Contractors’ Prospective

As of September 2017, over a period of five years, M/S Rigsar Construction Private Limited executed works amounting to Nu.1,553 million (from CDB Database) averaging an annual turnover of Nu. 310.60 million. Similarly, M/S Rinson Construction Private Limited achieved an average annual turnover of Nu. 231.20 million. A consortium formed by such potential achievers, calculated to be of 10 such members, will be eligible for bidding in hydropower projects, thus allowing local firms to be part of mega projects that dominate the sector. Local firms, in consortiums, and in joint ventures with foreign firms will also be able to bid in international projects, enhancing prospects in bidding, and compensate on exposure to technical expertise.

Complacency hampers professionalism

The above prospects and potential cannot disregard impediments and shortfall in the system. Construction Development Board, in its stride to enhance professionalism in the construction industry is often blemished by intricacies of achieving targeted participants and results. 

Approximately, 300 to 350 new construction firms venture into the construction scene annually. To register these new aspirants and regulate renewals, induction courses designed to orient and augment project management, quantity surveying and quality control are provided, which see an overwhelming participation due to the sole criterion of citizenship being a requisite. Interestingly, some households were even recorded to hold more than four CDB certificates. 

The overwhelming participation, however, dwindled after undergoing the induction courses. In the financial year 2017-2018, only 76% of the 315 participants obtained CDB certificate. The drop is attributed to a lack of earnestness and conviction as most participants were observed to be only physically representing a firm to fulfill obligations for registration.

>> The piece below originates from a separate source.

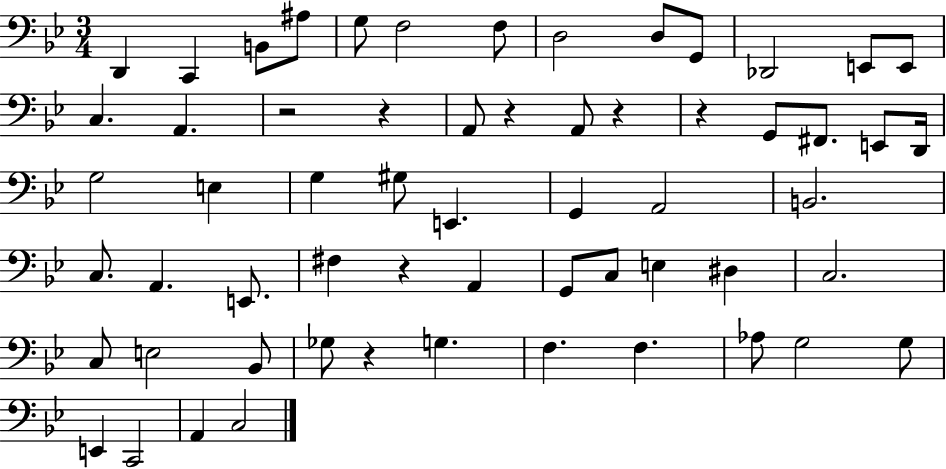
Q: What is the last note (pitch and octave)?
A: C3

Apart from the induction courses, the similar complacency is also observed in registered construction companies. Annually, for the past five years, the number of construction firms increased at an average rate of 3.78%, and in 2018 it was recorded to be 4,125 construction companies for a population of 727,145, one of the highest in the Asia-Pacific region. In an attempt to segregate non-performance, non-bidding, nonrenewal and dormant registrations, Construction Development Board deregistered 1,405 construction companies by July 2018.

In the growing light of the construction industry and development of the construction firms, the Construction Association of Bhutan, established in 2000 to promote and develop representation of construction firms in issues at the national, regional and international level, is underrepresented due to challenges of obtaining memberships. The membership was seen only to rise when membership was made mandatory and declined when left on the discretion of the construction firms. 

Construction Process and Project Management

The system for planning, design, implementation and delivery of output in construction management has seen remarkable changes in the last two decades. From adoption of computer aided design to using accounting and project management software, and increasing adoption of mechanization has improved the efficiency of work output. Advancement in bidding process, including CDB’s online evaluation tool, has allowed the bidding process to be simpler and more transparent. Furthermore, the Ministry of Finance’s feats in developing an online procurement system will merge the possibility of construction works to be procured, evaluated and awarded online. These online systems will not only enhance accessibility, it will aid procuring agencies in regulation and data management. It will also limit the possibility of indulgence of firms and agencies in unethical practices and will attempt to rid current gripe in the construction process, foremost of which is the unreasonable tender quotes by participating bidders.